Hoy a más de cuarenta años la realidad de los parajes es otra. Hasta las condiciones climáticas parecen haberse ensañado con los pequeños productores diezmando sus majadas y llevándose hasta la esperanza. El viento que levanta remolinos de polvo, el olvido y la pobreza que nunca viene sola.

En materia sanitaria a veces no hay ni siquiera una ambulancia para el traslado y el enfermo debe ir en la camioneta de algún vecino, si tienen la suerte de disponer del dinero para el combustible.

En lo que a educación respecta el ajuste ha recaído en forma brutal sobre los parajes. Decisiones tomadas desde los despachos ministeriales que no contemplan el futuro de los niños del interior rionegrino.
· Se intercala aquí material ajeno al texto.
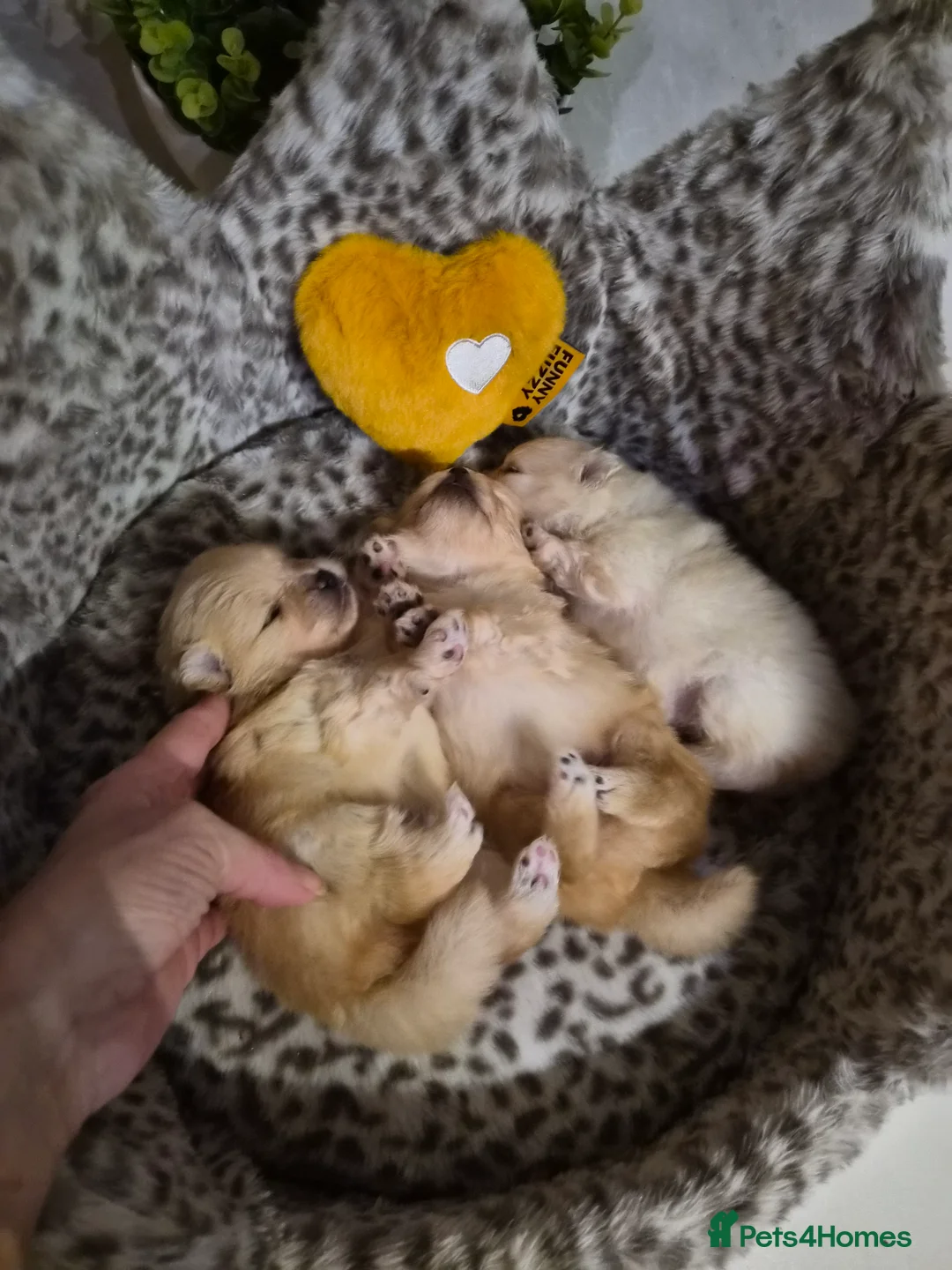 Pomeranian dogs for sale: 💝High Quality Korea/ Russia Babies💝 - Advert 23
El programa de control de la hidatidosis por razones meramente económicas no se hace más o se hace a los ponchazos, como casi todo en esta bendita provincia.

No hay una política uniforme en el control de plagas. Y el Ente para el Desarrollo de la Línea y Región Sur (en cuyo territorio están asentados la mayoría de los parajes) está paralizado con fuertes problemas internos, denuncias por maltrato, gastos burocráticos por afuera del Directorio y prácticamente desentendidos de la problemática de toda la zona.
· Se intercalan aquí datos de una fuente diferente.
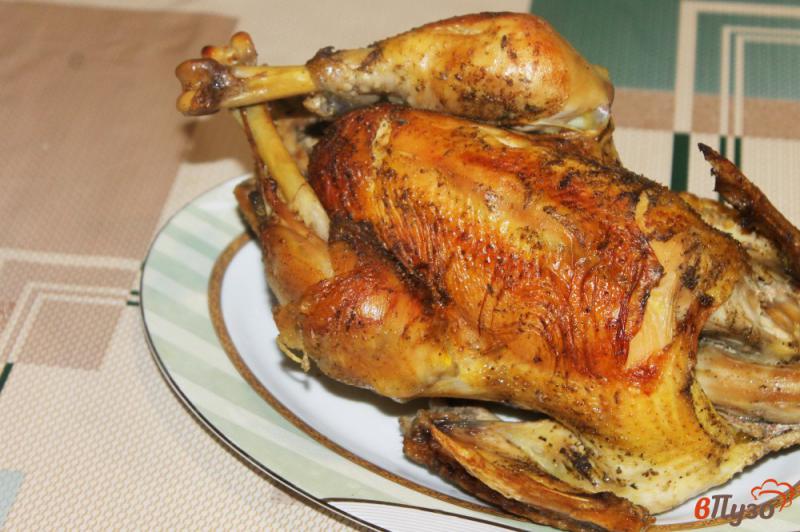 Фото приготовление рецепта: Запеченная курица с луком и базиликом в рукаве шаг №5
Estas cosas sinceramente no parecieran importarles mucho a los actuales funcionarios. Están en otra: en sus mega sueldos, con el nepotismo de los cargos para parientes y amigos, con sus privilegios de casas alquiladas que paga el estado, con sus viajes en avión o en cómodos vehículos de alta gama.

No todos, porque generalizar es malo y también hay algunos que se comienzan a solidarizar con estas situaciones y a obrar en consecuencia.
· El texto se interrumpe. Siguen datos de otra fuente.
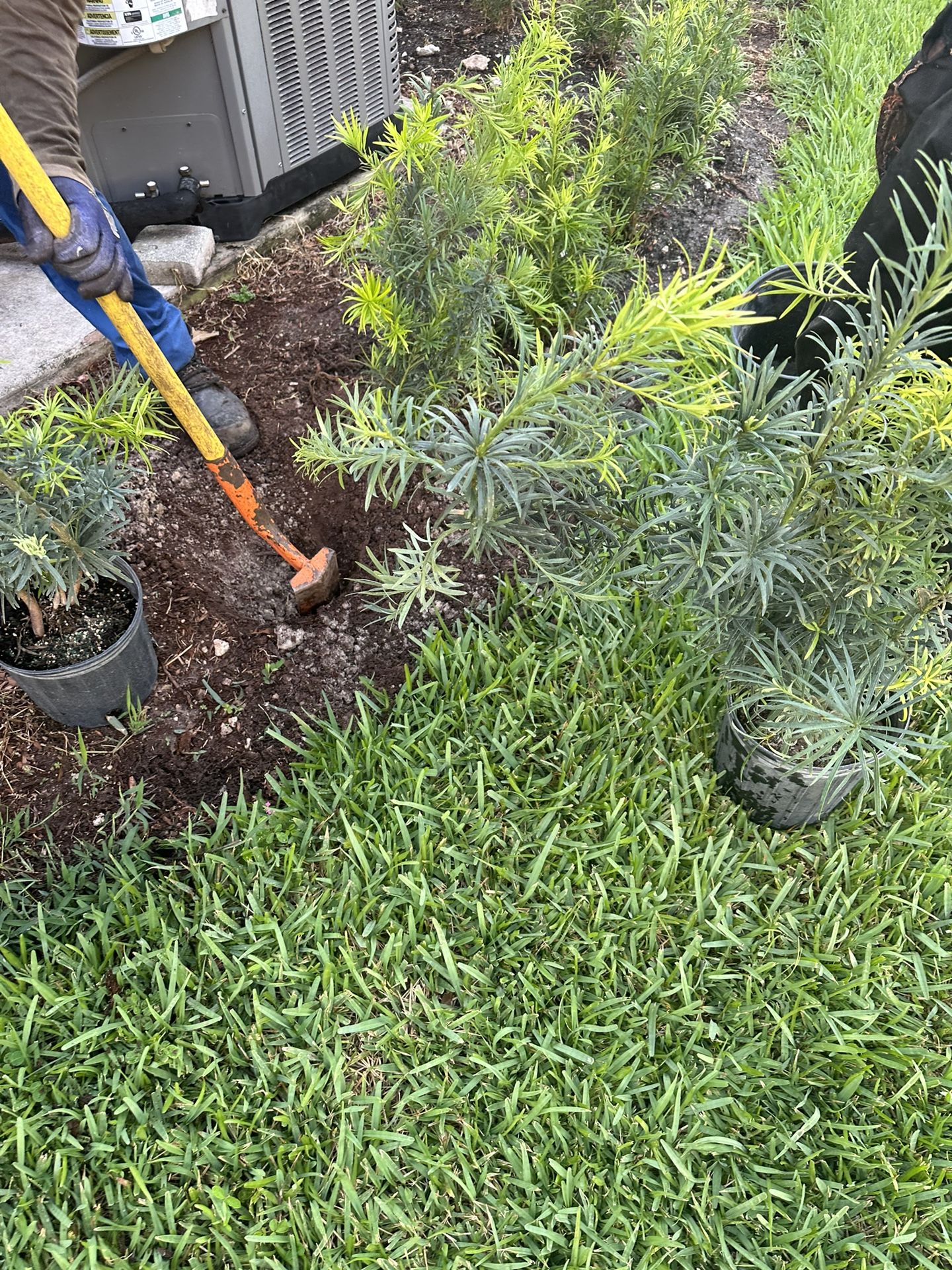 Plants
Es lo que se espera de ellos; que no se olviden que están ejerciendo los cargos provinciales por el mandato de quienes los han votado y que esperaron de su gestión tiempos mejores.

Los hombres y mujeres que aún viven y trabajan en los parajes son dignos de todo encomio. Son la parte oculta de esa Argentina invisible que soñó Eduardo Mallea en alguno de sus libros.

Esos pobladores, esos argentinos, -al decir del escritor- “que llevan en el corazón el sentimiento severamente exaltado de la vida, las manos con el gesto de dar y la espera eternamente presente en sus pupilas”.

A esos hombres y mujeres que viven cotidianamente en los parajes les debemos respeto, admiración y solidaridad. Por todo lo que han dado. Por esa idea de limpia grandeza de su tierra. Por soportar en silencio “la depredación llevada a cabo contra sus conciencias y por el asalto y la violación de su domicilio moral”.

En lo personal debo agradecer a los muchos lectores que me alientan para seguir escribiendo sobre estos temas y también puedo decir como Mallea que “después de intentar durante años paliar mi aflicción inútilmente, siento la necesidad de gritar mi angustia a causa de mi tierra, de nuestra tierra”, en este caso la región sur de Río Negro.

Porque algo debemos debe hacer. De cada uno es la responsabilidad. Sino, literalmente, que el último apague la luz.

Jorge Castañeda

Valcheta.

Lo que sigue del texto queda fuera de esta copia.